[copilot-cli-research] Copilot CLI Deep Research - 2026-04-01 #23952

2026-04-01T21:15:07Z

github-actions[bot]
bot Apr 1, 2026

Analysis Date: 2026-04-01
Repository: github/gh-aw
Scope: 179 total workflows, 86 using Copilot engine (48%)
Triggered by: @pelikhan | Run: §23870837785

📊 Executive Summary

This first-run deep research report identifies 10 key missed opportunities across the 86 Copilot-engine workflows in this repository. The most impactful finding is that 55% of Copilot workflows (47 of 86) still require the manual COPILOT_GITHUB_TOKEN secret despite the copilot-requests feature being available to eliminate this dependency.

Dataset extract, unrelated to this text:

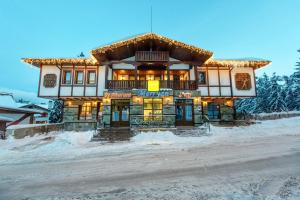 een gebouw aan de kant van een met sneeuw bedekte weg bij MPM Family Hotel Merryan in Pamporovo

Additionally, only 13% of workflows use the AWF sandbox for network isolation, exposing the majority of agentic runs to unrestricted network access.

On a positive note, the repository shows strong discipline in areas like timeout configuration (99% compliance), tool permission specificity (34% using specific bash commands), and memory utilization (cache-memory in 33%, repo-memory in 21% of workflows).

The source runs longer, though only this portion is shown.